But as Hagrup Haukland, the head of the Norwegian monitoring mission has said, whoever was behind the killing, it has seriously destabilised the ceasefire.

The place where Kadirgamar died could not be more different from the poor fishing communities that were devastated by the tsunami. This is the Cinnamon Gardens neighbourhood of Colombo Seven, the city’s most prestigious residential area, all quiet leafy lanes with private villas set in their own gardens.

The house where Kadirgamar died lies on Bullers Lane. On one side, the neighbours are the Swedish Embassy. On Friday night Kadirgamar was climbing out of his private swimming pool when he was shot four times in the head, chest and throat. He was rushed to hospital, where he died.

Kadirgamar’s love of swimming was his undoing. He had been warned by his security detail not to come to the house in Bullers Lane. It is a private residence, and not as well guarded as his official residence. But Kadirgamar insisted on coming here so he could swim - there is no pool at his official residence.

The house in Bullers Lane is not well protected. There is a stone wall, but it is topped with a wire fence that would not stop any bullet, and the pool is overlooked by the windows of several neighbouring houses.

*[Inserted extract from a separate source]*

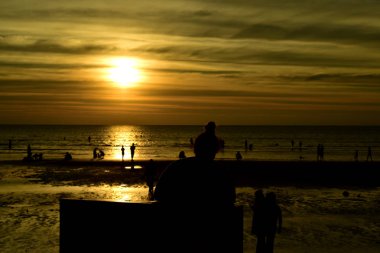 Gün batımında güzel sahil manzarasında birçok insan gün batımından önce oynamak için sahile gelirler..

It was from one of these that the shots were fired - and here the story becomes curious. The occupants of the house, a couple who were living only on the ground floor because the wife is disabled, say the first floor was closed up and they had no idea the snipers were up there.

But upstairs, police found food wrappers and a chair fitted with a rest for a rifle. The sniper, or snipers, had even bagged their urine in plastic bags so they would not make any noise by using the toilets.

More than 1,000 Sri Lankan police are scouring the capital for the snipers.

But more questions are raised by the site. The window from which the shots were fired is in clear view of a watchtower built on the premises of Kadirgamar’s house, yet his bodyguards were unable to catch the sniper and prevent him from fleeing the scene.

Sri Lankan analysts have suggested the sophistication of the assassination suggests the Tigers were behind it. They have a reputation for being far and away one of the most proficient militant organisations in the world, and have pulled off spectacular attacks in the past.

The Tigers have a reputation for never forgiving anyone who they believe has betrayed them or acted against them.

But the timing of the killing raises questions over the Tigers’ involvement, at a time when they are not thought to be eager for a return to war.

In the east of Sri Lanka, the Tigers have been facing an internecine struggle with a breakaway faction led by a renegade former Tiger who goes by the name Colonel Karuna.

The Tigers have accused the government of secretly backing Karuna’s forces, an accusation that is widely thought to be true.

Although nobody expects the ceasefire to collapse within weeks, the death of Kadirgamar is being seen here as yet more evidence that the country is sliding back towards war. For many Sri Lankans, an uncomfortable feeling of inevitability is growing.

(Extracts from a report by The Independent newspaper published on Monday August 15)

The Independent: ‘The Tamil who took on the Tigers’ [August 15, 2005]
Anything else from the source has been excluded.